Requirement |
Retype the listing below exactly, pictures removed.

Information provided |
+--

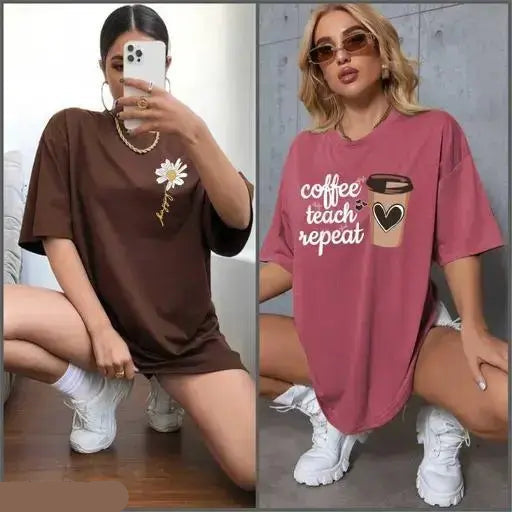VELOMI Fancy Stylish Oversized Printed T-Shirts for Women – Round Neck Combo Pack of 2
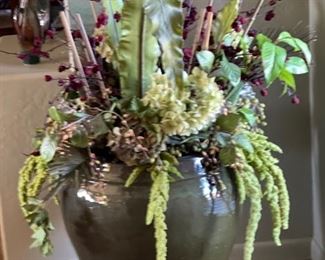 Lg Faux Plant & Pot Pot: 26 inches high by 20 inches diameter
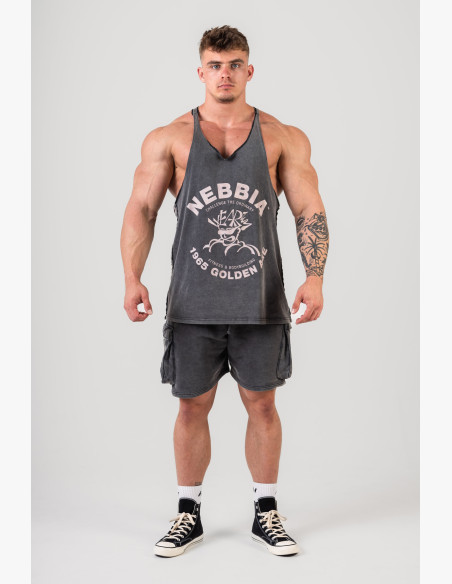 NEBBIA Washed muscle back stringer GOLDEN AGE čierne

+--

Completed task |
VELOMI Fancy Stylish Oversized Printed T-Shirts for Women – Round Neck Combo Pack of 2
 Lg Faux Plant & Pot Pot: 26 inches high by 20 inches diameter
 NEBBIA Washed muscle back stringer GOLDEN AGE čierne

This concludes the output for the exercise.